Sounds like oil and gas to spend loads of money but not really think about what they're buying until after the fact. I worked a summer for a mine, and I got a brand new mac to make an app no one wanted, then worked on a tablet app for the pit shop without actually asking the pit shop if they needed it (I was an idiot). That company didn't even bat an eye when a $55,000 HMI was incurably incompatible with the mega expensive MCC equipment they had installed. Worrying about it would've wasted time which the mining industry, similar to oil and gas prioritizes above all. In the end the only thing that I made that was needed and used was a redo to their 20yo website from the 90s that we all thought was abandoned but was actually kept up to date in it's original form...with banners and those gross html borders you get with s
Makes me wonder if one would be foolish asking basic questions that may be considered to be "beyond the scope of one's role". Oddly, the more senior a dev becomes, I have found myself in situations where it feels like it's an expectation to "Just shut up and do and make some progress, but don't care to what end" no matter how much your management euphimizes how creativity in your role is crucial to project success. In your case, some early survey would have been a decent predictor of the project's success, but the question is, were you in a position to make those decisions and stop if you chose to? If one is an independent consultant, how will that impact their reputation? If one works part of a larger consultancy org, will one even have a choice to express such realities and change course, or is it just a lost cause? At that point, it really becomes "How well can you sleep at night, knowing what you know?". Like being on food stamps for life.
Designed one that never went anywhere due to politics. Taught me an important lesson about how one bad leader can waste amazing amounts of money and time.
I believe that's the time to have a strong personality, learn to say NO and work on a leverage/persuasion, if requirements are not being negotiated correctly, clients/product owners/managers/analysts will invent requirements (some of them doesn't make sense) that will balloon the scope of the project, it will be over-engineering instead of MVP.
Absolutely. Even at 13 years into my career about which I was at this point, I didn’t have the skills yet to get to know the client personally well enough to get them to accept my advice. I don’t think any of us could get through to this person - they were exceptionally strong willed. 😕
I was on a similar project, except agile, but that didn't matter because they weren't really interested in customer feedback unless it validated whatever ideas the management had already thought of. And also too much time wasted trying to replicate features from competitors on a too small of a budget. I knew what this was going to be about the moment you said "reporting". Is it something about reporting and analytics software that makes managers enjoy setting money on fire pointlessly replicating it?
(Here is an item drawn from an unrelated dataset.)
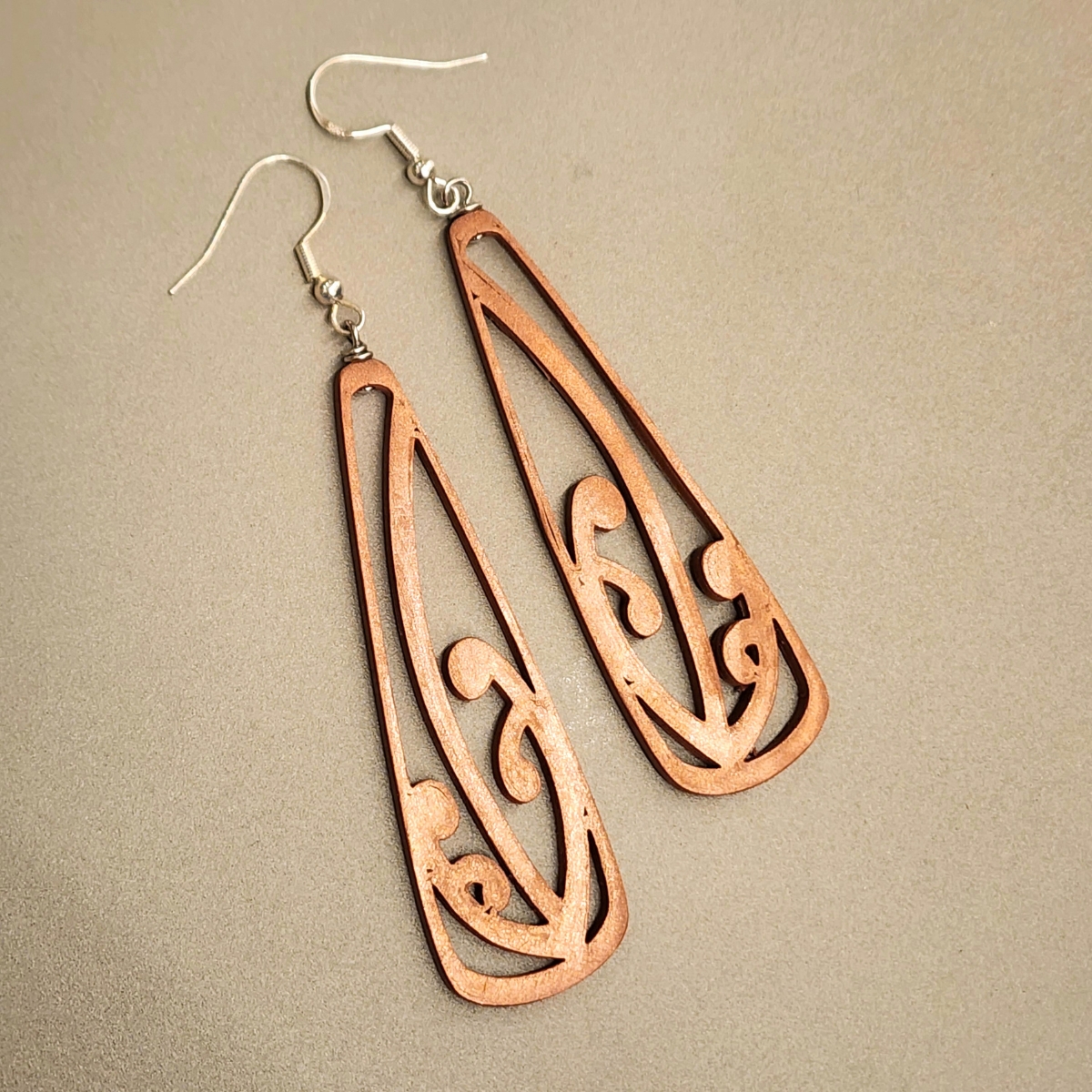 Closeup of the copper mangōpare toki earrings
I am also a Software Developer by profession. In my 5 years of career, I have worked with 4 different firms and almost 10 different clients. I personally relate quite a lot with your experience and stories. Having said that, It is always good to hear what you say and I try to take something out of every video of yours. I see that it has been an year since you last uploaded your video. I would highly appreciate if you start being active again and give us more content🙂 You are helping out thousands of people like me and we look forward for more such learnings🙂
That's real unfortunate. I can't even begin to understand how you guys did the design documentation part for that long. Sounds like at that point it's accepting the situation for what it is (from your other "Accepting difficult project circumstances" video). I mean, seriously, I fail to understand the ways some organizations spend budget on things that make a negative ROI, whether whole projects or some of its underperforming teams. Few other teams in your client company must have wondered why you folks were hired in the first place. Talk about brewing animosity. I wish we got a peek into such management budget discussions/decisions or at the very least be appraised. Have you been in those discussions? Perhaps a topic request from me for one of your next videos.
Yeah these are unfortunately just some of the things that happen when people don’t trust each other’s advice enough. A prime example of why I advocate so strongly for developers to learn better communication and persuasion skills through empathy!
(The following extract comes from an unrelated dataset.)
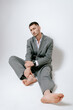 © Elina Leonova - Handsome man in grey suit sits on the floor barefoot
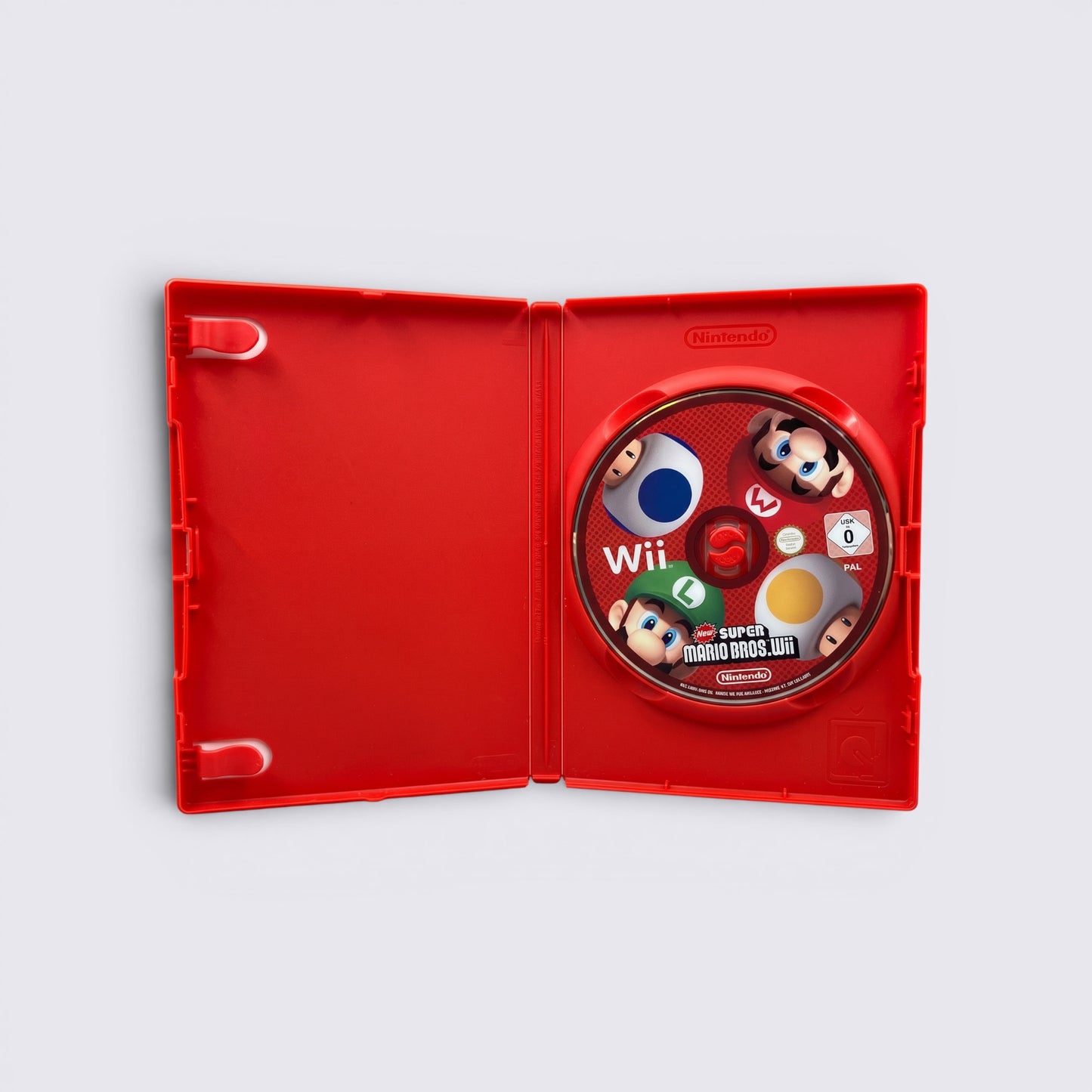 MrPixel New Super Mario Bros. Wii game disc inside a red plastic case featuring Mario, Luigi, and Toad characters.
I learned the importance of having only one manager working at a university student union. In those things, you have a committee of what are basically kids all with different ideas and in many case are *political* rivals, then you have a general manager and us staff who are basically contract bound to never get involved in the political shit that goes on. In principle us staffers only answered to the general manager whos job was to mediate between the cacaphony of nonsense coming from the board. BUT more often then not I'd get a committee member come in and go "Hey shayne I need a website for the chess club, can you set up hosting for us", and I'd be like yep, then suddenly another student would complain Im doing that instead of whatever HE wanted me to do. In the end I just had to put my foot down and say "Put it through the GM". Later I found out the "real" world is kinda similar, you get multiple managers or general 'higher ups' with conflicting agendas or whatever , so a good project manager able to mediate between that world and the coders world is so important, so when Marketing turns up and demands you stop whatever your doing and do this instead, and then OPs turns up and wonders where the hell his database migration script is, you can point them both at your direct manager and tell them to gtfo and deal with him instead.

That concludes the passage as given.